Early design work by Chang from 1993
Chang design work from 1995

Chang settled on a blend of the medieval Tang dynasty with the earlier Han dynasty of the 200s. “The art from the Han dynasty is more primitive, and we liked that direct approach a lot,” he said.

Meanwhile, they relied heavily on the surviving Tang “sculptures, figurines and paintings,” with their “curvy motifs.” In Chang’s words, “[T]heir recurring design elements became the main resource for the style that was developed for Mulan.”
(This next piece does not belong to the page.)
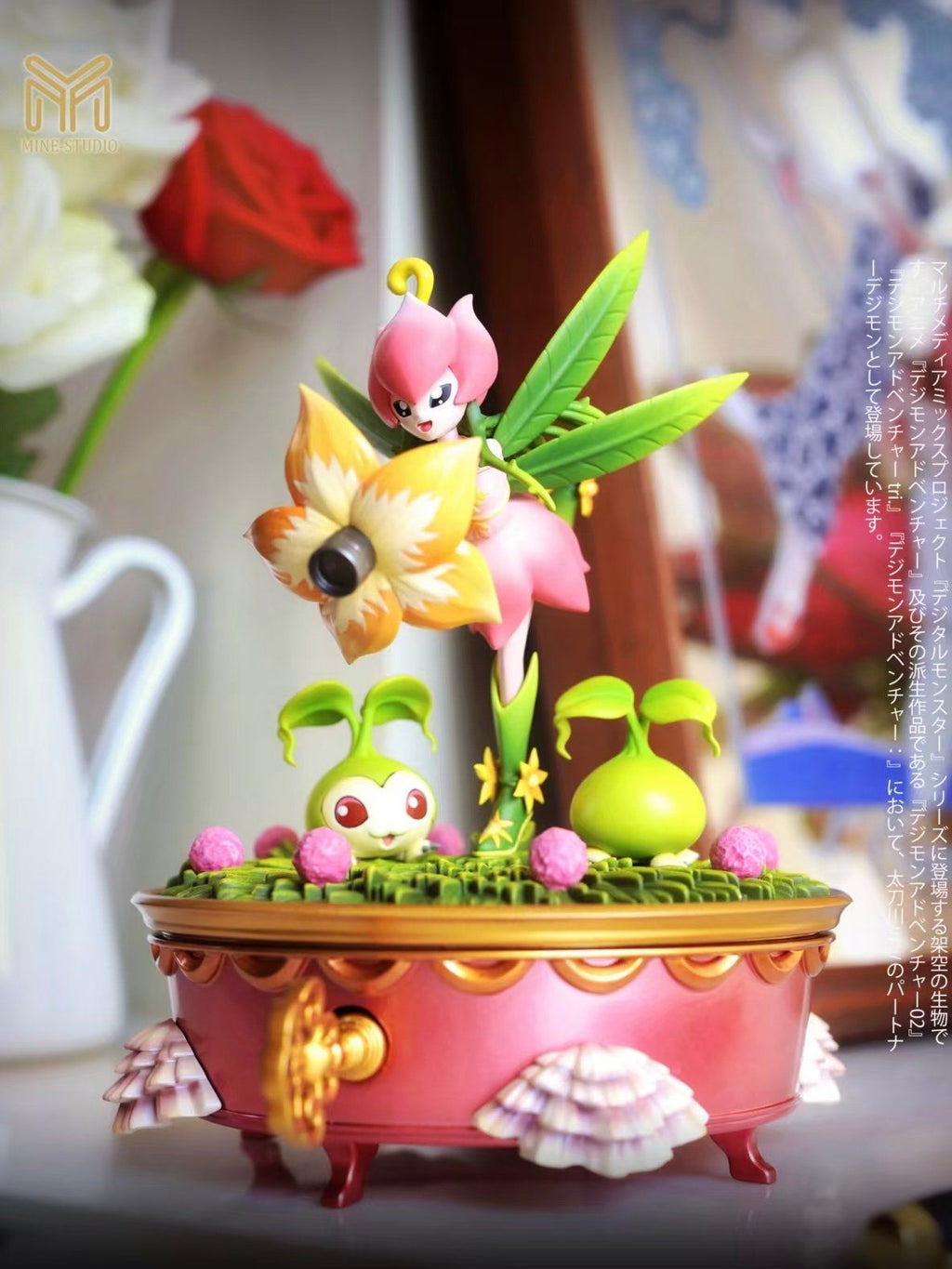 Mine Studio - Digimon Music Box #1 Lilimon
He knew that this direction could be controversial. Sure enough, even in the ‘90s, stuff like Mulan’s hanfu and white makeup drew criticism from people unfamiliar with the ancient past. Her fashion was Japanese, some argued. But, as Taiwan Panorama reported in 1999, Chang:

… can’t help taking issue with such comments. He explains, if you look at facial portraits of women from the Sui and Tang dynasties and the Five Dynasties era, you will see that in ancient times women made up their faces by first applying white powder and then applying rouge. This form of appearance was common down through the Qing dynasty. The fashions and apparel of traditional Japanese culture were originally adopted from Tang Chinese culture. Today, most people have turned cause and effect on their heads, and that is why they think Mulan has a “Japanese” flavor.

Pages of Lu Hua’s lianhuanhua illustrations (20th century)

The exploration by Chang and Hans Bacher (who joined around late ‘94) led to a design system with a set of guidelines. Mulan’s look would be old China run through cartoons — and not just American cartoons. Bacher wrote that Chang exposed him to “original Chinese comic books ... with very delicate black and white drawings.” He was stunned by the lianhuanhua artwork of Lu Hua.9

One rule that research brought Mulan was reduced detail. The film needed to focus on general, graphic, flattened shapes rather than “unnecessary wrinkles, folds, things like that,” Chang said. His idea was “to imply instead of to show,” as was common in traditional painting.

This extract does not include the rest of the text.